On October 13, 2014, the trial court rendered a judgment on the pending exceptions to the divorce petition. The trial court sustained Ms. Baxter's exception of lack of subject matter jurisdiction over the child custody matter, denied her exceptions of lack of personal jurisdiction and improper venue, and found that it had jurisdiction over the parties' divorce and ancillary matters.

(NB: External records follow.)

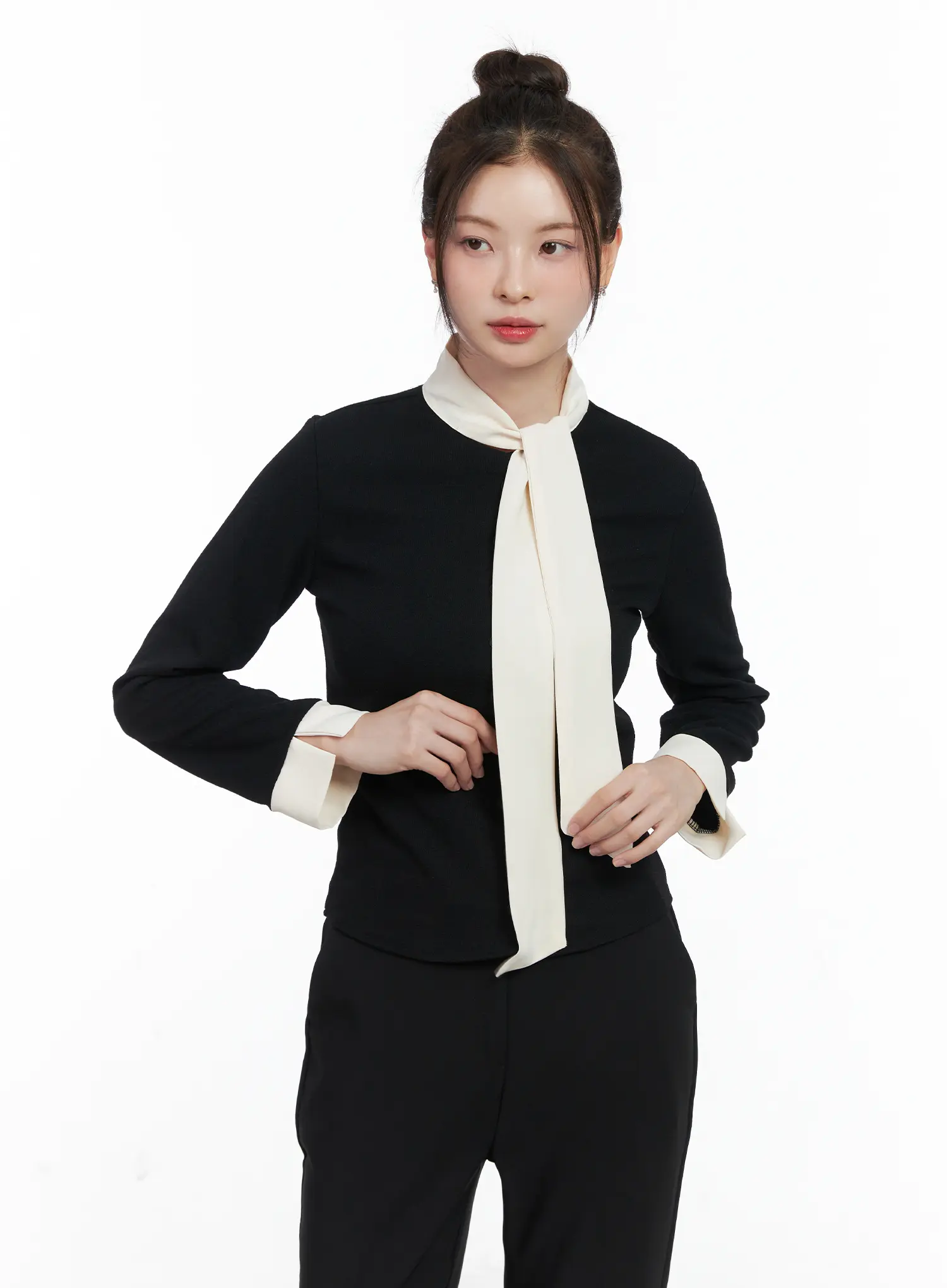 Slim-Fit Long Sleeve Scarf Blouse CN519 - Image 2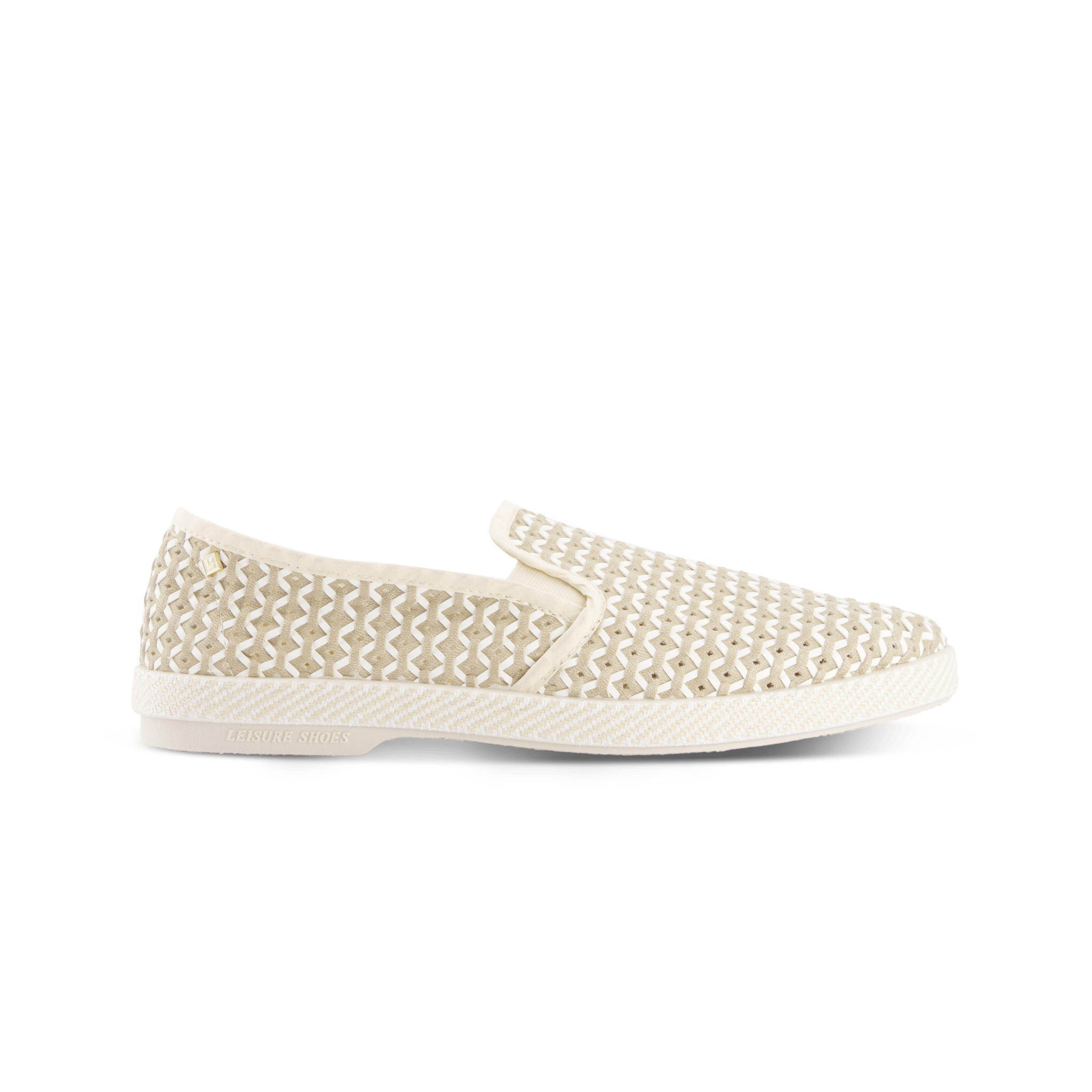 Rivieras European Union Classic Woven Leatherette Slip - On Loafer in Beige 3182 Shoes handmade in Spain.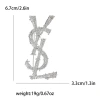 Retro European and American creative alloy letter brooch, high-end and elegant, simple dress, suit collar pin, personalized brooch details Picture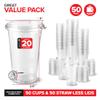 20 oz Clear Plastic Cups with Lids Disposable, Togo Drinking Cup with Strawless Sip Lid for Smoothie, Cold Brew Iced Coffee, Lemonade, Ice Latte, Boba, Party Drinks, Bulk, 20 Ounce (Set of 50) view 2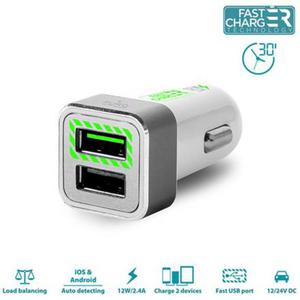 PURO Mini Car Fast Charger [White], Szybka i mocna adowarka samochodowa 2xUSB 2.4A - 2825287117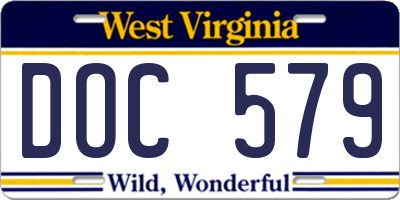 WV license plate DOC579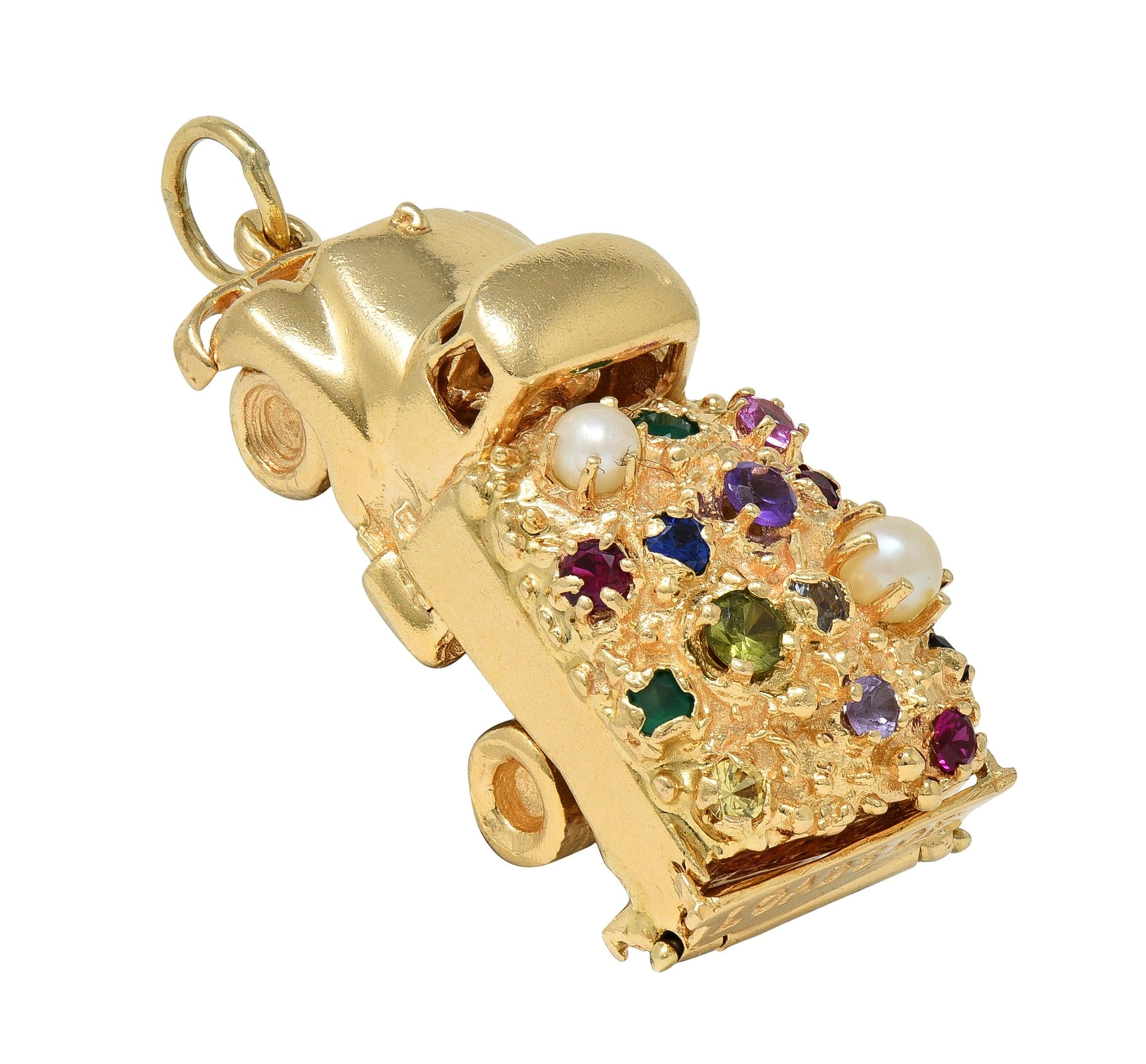 1960's Multi-Gem 14K Yellow Gold Vintage Loads-of-Love Truck Pendant Charm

As to the exception of personal jurisdiction, the trial court concluded that Ms. Baxter " presented persuasive evidence that she had established her domicile in Fort Erie, Ontario, Canada by the time Adrian [Baxter] filed for divorce." [2015-0085 La.App. 4 Cir. 6] Nonetheless, the court found that Ms. Baxter had maintained sufficient minimum contacts with this state for it to exercise personal jurisdiction over Ms. Baxter based on the following facts:
Adrian [Baxter] testified that the parties married in New Orleans in December, 2006. They purchased a home in New Orleans and returned repeatedly between Adrian [Baxter's] assignments out of state, and the country, all in connection with his employment with the United States Navy. For the 2011/2012 school year, Jennifer [Baxter] worked full-time as a public school teacher in New Orleans. The parties annually claim the homestead exemption on the immovable property they still own [in] New Orleans. These activities alone constitute sufficient contacts with Louisiana to subject Jennifer [Baxter] to the jurisdiction of this court.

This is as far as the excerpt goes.